● Work task
Keep only the lines from the start of the data through the line containing "Used 2024 Buick", and output them exactly.

=== Supplied information ===

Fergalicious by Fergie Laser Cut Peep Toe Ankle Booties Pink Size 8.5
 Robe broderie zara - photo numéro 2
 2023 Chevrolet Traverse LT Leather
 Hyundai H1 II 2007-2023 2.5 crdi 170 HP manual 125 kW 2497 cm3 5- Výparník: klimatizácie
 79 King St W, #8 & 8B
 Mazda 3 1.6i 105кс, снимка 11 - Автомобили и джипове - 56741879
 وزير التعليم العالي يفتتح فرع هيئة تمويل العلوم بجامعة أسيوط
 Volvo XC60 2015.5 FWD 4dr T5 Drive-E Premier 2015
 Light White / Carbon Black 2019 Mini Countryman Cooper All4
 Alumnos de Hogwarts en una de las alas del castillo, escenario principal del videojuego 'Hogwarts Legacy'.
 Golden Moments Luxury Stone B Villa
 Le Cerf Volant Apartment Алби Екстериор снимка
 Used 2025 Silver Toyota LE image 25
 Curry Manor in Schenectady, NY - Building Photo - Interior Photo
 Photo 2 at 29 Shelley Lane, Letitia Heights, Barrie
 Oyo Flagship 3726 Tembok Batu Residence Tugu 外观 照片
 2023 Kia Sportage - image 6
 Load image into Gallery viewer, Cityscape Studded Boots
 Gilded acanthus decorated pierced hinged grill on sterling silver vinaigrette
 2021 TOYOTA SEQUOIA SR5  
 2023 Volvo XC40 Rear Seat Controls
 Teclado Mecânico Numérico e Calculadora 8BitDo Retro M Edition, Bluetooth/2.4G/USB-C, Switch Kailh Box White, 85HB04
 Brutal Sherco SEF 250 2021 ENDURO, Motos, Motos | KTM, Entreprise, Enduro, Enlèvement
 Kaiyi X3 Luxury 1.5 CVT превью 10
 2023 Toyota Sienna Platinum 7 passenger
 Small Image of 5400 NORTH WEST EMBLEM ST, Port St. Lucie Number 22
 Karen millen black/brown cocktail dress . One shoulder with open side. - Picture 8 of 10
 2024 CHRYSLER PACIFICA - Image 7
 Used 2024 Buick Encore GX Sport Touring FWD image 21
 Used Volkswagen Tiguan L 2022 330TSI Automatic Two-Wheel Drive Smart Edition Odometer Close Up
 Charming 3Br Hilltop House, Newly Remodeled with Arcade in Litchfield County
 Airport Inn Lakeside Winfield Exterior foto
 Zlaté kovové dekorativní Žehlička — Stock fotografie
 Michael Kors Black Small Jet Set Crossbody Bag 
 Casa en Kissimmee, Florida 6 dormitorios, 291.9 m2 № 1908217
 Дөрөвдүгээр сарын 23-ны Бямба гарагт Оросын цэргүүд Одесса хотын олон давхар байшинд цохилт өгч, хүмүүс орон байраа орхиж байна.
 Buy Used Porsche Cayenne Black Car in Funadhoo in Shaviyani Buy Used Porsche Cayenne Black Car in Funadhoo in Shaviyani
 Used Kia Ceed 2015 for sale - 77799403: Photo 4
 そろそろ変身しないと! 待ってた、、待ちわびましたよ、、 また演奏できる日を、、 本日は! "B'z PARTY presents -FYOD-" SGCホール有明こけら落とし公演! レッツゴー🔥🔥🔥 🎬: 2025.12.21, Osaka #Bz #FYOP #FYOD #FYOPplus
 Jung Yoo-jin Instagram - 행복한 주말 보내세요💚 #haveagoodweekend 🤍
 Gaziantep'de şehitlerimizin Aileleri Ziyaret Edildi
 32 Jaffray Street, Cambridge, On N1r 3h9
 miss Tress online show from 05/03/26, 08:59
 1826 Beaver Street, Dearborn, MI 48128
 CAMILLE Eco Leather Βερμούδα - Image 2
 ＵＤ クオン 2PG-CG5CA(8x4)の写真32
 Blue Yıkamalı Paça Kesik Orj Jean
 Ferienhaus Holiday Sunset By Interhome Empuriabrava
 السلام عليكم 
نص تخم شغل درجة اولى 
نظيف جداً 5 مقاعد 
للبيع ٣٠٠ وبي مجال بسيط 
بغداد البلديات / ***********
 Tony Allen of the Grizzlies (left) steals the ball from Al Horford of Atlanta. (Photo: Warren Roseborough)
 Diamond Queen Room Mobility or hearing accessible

===

● Written answer
Fergalicious by Fergie Laser Cut Peep Toe Ankle Booties Pink Size 8.5
 Robe broderie zara - photo numéro 2
 2023 Chevrolet Traverse LT Leather
 Hyundai H1 II 2007-2023 2.5 crdi 170 HP manual 125 kW 2497 cm3 5- Výparník: klimatizácie
 79 King St W, #8 & 8B
 Mazda 3 1.6i 105кс, снимка 11 - Автомобили и джипове - 56741879
 وزير التعليم العالي يفتتح فرع هيئة تمويل العلوم بجامعة أسيوط
 Volvo XC60 2015.5 FWD 4dr T5 Drive-E Premier 2015
 Light White / Carbon Black 2019 Mini Countryman Cooper All4
 Alumnos de Hogwarts en una de las alas del castillo, escenario principal del videojuego 'Hogwarts Legacy'.
 Golden Moments Luxury Stone B Villa
 Le Cerf Volant Apartment Алби Екстериор снимка
 Used 2025 Silver Toyota LE image 25
 Curry Manor in Schenectady, NY - Building Photo - Interior Photo
 Photo 2 at 29 Shelley Lane, Letitia Heights, Barrie
 Oyo Flagship 3726 Tembok Batu Residence Tugu 外观 照片
 2023 Kia Sportage - image 6
 Load image into Gallery viewer, Cityscape Studded Boots
 Gilded acanthus decorated pierced hinged grill on sterling silver vinaigrette
 2021 TOYOTA SEQUOIA SR5  
 2023 Volvo XC40 Rear Seat Controls
 Teclado Mecânico Numérico e Calculadora 8BitDo Retro M Edition, Bluetooth/2.4G/USB-C, Switch Kailh Box White, 85HB04
 Brutal Sherco SEF 250 2021 ENDURO, Motos, Motos | KTM, Entreprise, Enduro, Enlèvement
 Kaiyi X3 Luxury 1.5 CVT превью 10
 2023 Toyota Sienna Platinum 7 passenger
 Small Image of 5400 NORTH WEST EMBLEM ST, Port St. Lucie Number 22
 Karen millen black/brown cocktail dress . One shoulder with open side. - Picture 8 of 10
 2024 CHRYSLER PACIFICA - Image 7
 Used 2024 Buick Encore GX Sport Touring FWD image 21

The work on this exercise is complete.